Getting thin is different from getting into shape. There are so many obstacles stacked up against mothers, though. We're extremely busy, have fluctuating hormones, and told "don't lift anything heavier than your baby" at discharge. -The perfect storm.

I've noticed that the first thing that goes is the lumbar/core strength, which is key for happy living. What's the number one reason for a doctor's visit? Back pain. How do we remedy that? I actually found the perfect solution online, no joke. If you follow these magnificent instructions from the Mayo Clinic I, Resident Mommy, promise you better quality of life.

Don't wait until you have spinal arthritis, I'm serious. Otherwise you'll see me coming at you with one of these.

January 15, 2010

Haiti Needs You

She needs all of us.

Haiti has had a soft spot in my heart for a long time. My father was born in Puerto Rico, which is the next island over from Hispaniola. I have always thought of the Haitians are my poor, neglected cousins.

We cannot look away anymore. The amount of suffering since the earthquake, which struck near Port-Au-Prince earlier this week, has caused unimaginable suffering. Of particular concern to me are all the orphans and injured children. No doubt there are many brain injuries and traumatic amputations that need medical attention now.

If you're looking for a place to donate, I'm a fan of Doctors without Borders.

Breast is Still the Best

Don't get me wrong from my previous post.

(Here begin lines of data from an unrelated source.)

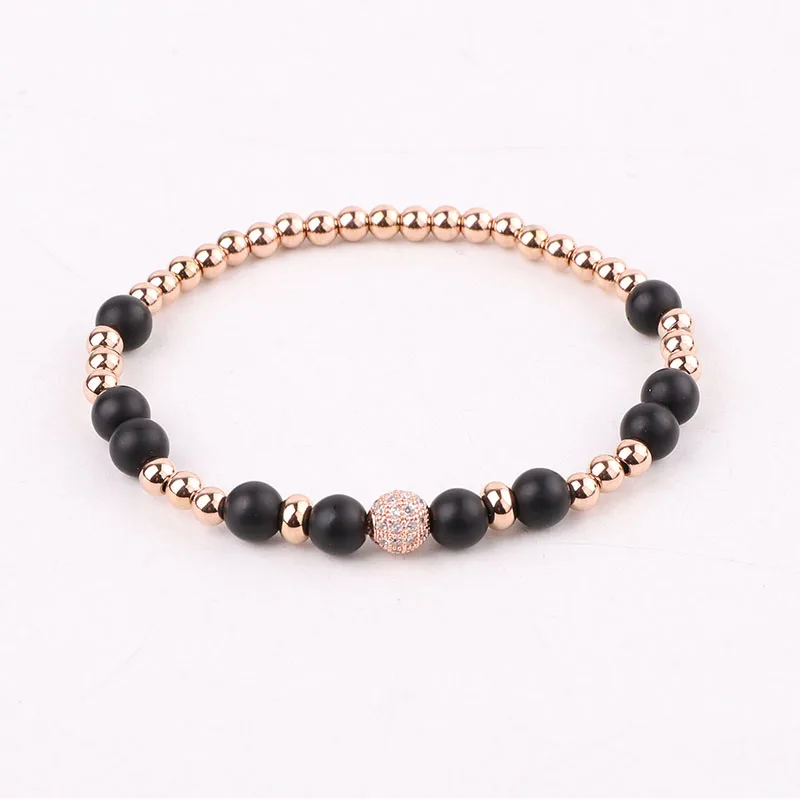 New Fashion Stainless Steel Beads CZ Pave Ball Charm Elastic Beads Bracelet For Women Jewelry Gift - Image 3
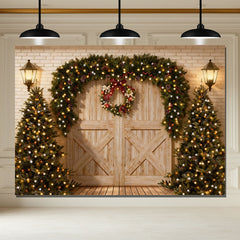 Layoris Wooden Door Brick Wall Christmas Tree Photo Backdrop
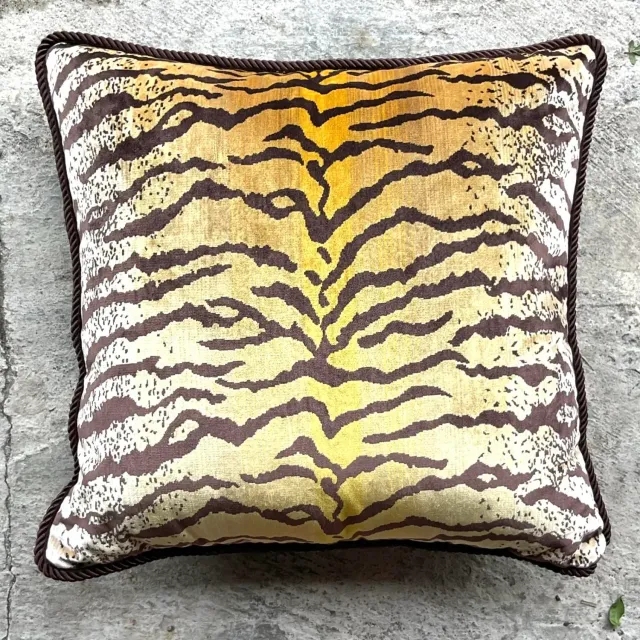 Vintage Boho Tiger Throw Pillow After Scalamandre — additional photo 2
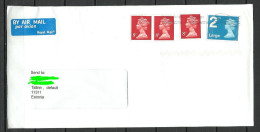 GREAT BRITAIN England 2014 Air Mail Cover To Estland Estonia Estonie Queen Elizabeth Stamps - Lettres & Documents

Breastfeeding is still the best choice for mother and baby. I would not have struggled as I did if that weren't true. Breastmilk gives babies their greatest nutritional support, decreases their chance of infection, while lowering mommy's cancer risk.

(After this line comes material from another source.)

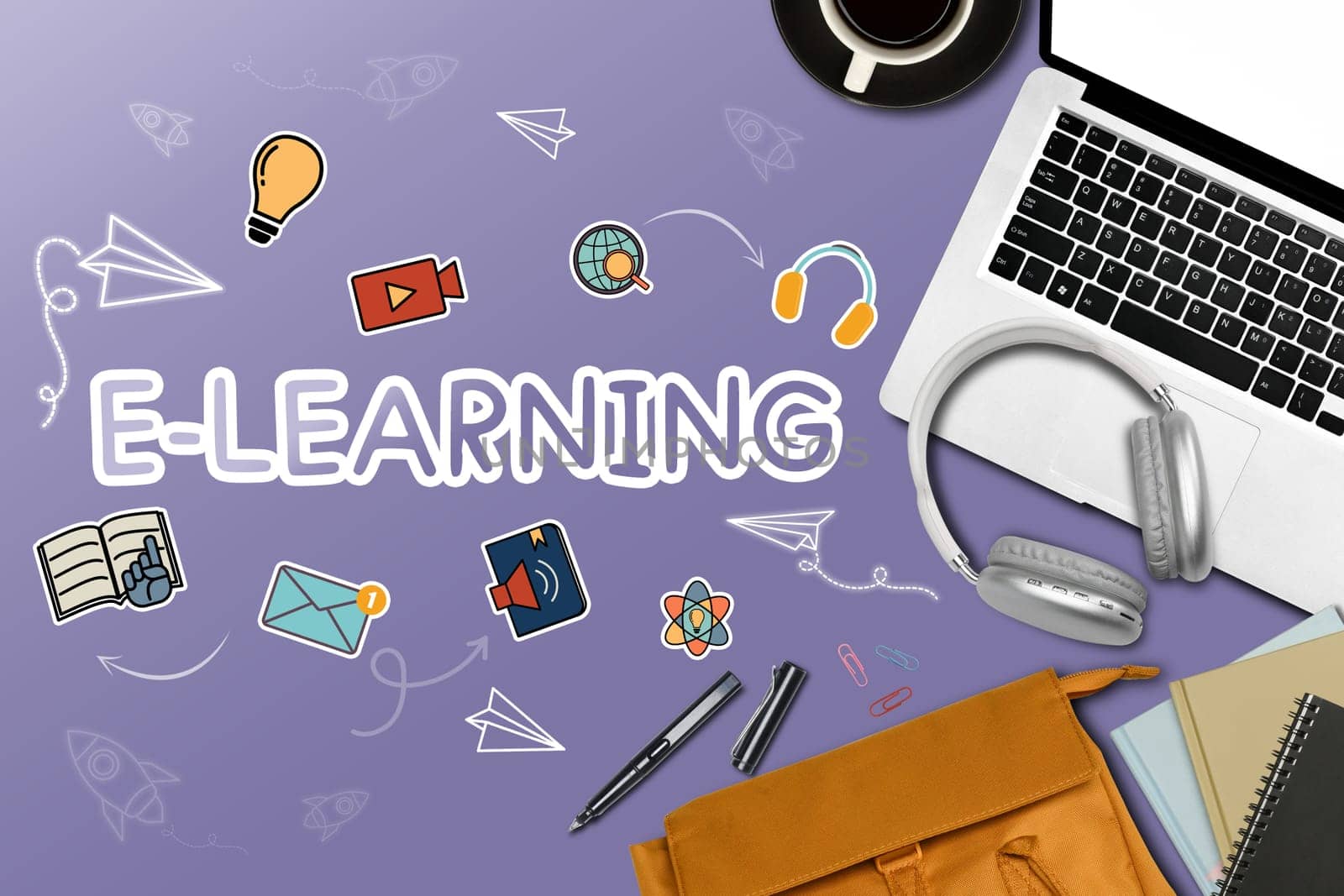 Laptop, headphone and backpack on purple background with word e-learning.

My goal was to make it to six months. Whenever I felt like giving up, I thought about the following two examples of perseverance:

  • Dr.W: Another resident mommy, pumped for months in between 4+ hour orthopedic surgeries. When she got engorged, Dr.W wasn't allowed to adjust her bra because not only was she 'scrubbed in,' she also had a lead apron on top!
  • Lanisa Allen: Had to sneak away to use a public bathroom to pump her milk and was fired for it. See her story here.

January 11, 2010

An Unfair Depiction

But I'm not tied down to my breast pump.

Y'know, when the Mormons were first asked to practice polygamy most of them went kicking and screaming into the practice. Then when they were commanded to stop, they had a hard time letting go. That was my experience with breastfeeding.

The gap in posts had to do with me being on my most demanding rotation while soaking in the reality of my academic situation. . . all the while working to save someone's life (I'll explain later, on 1/20/10). I had always said that I would stop pumping at the 6 month mark, but just before the finish line my supply went down. . . WAY down. It had to do with a ton of stress and my inability to find time during the day. I became all hung up on the idea of stopping on my terms, not because I was 'failing' to produce.

So I got all worked up, pumped more, fell behind in my work, this added stress, which produced less milk and the cycle continued! Until now, that is. Last week I produced 2.5 ounces, gave my boy this meager portion, and put my supplies away. The large box of nursing pads, bras, tubes, valves, shields, etc got sealed up and put into storage. Part of me was elated; the other part felt terrible for withdrawing this part of myself from my baby. The next week as my normal pumping hour approached I had pangs of regret and actually tried to collect whatever I could manually squeeze out. I came home quite upset when my husband finally said, "It's time."

He's right. 6 months of breastfeeding for a resident mommy is a lot. My baby is on solids now and I can help him to progress in other ways. I'm told I can still feed part-time, but the truth is I need every minute of the day (except for necessary sanity breaks such as this) to reclaim my life.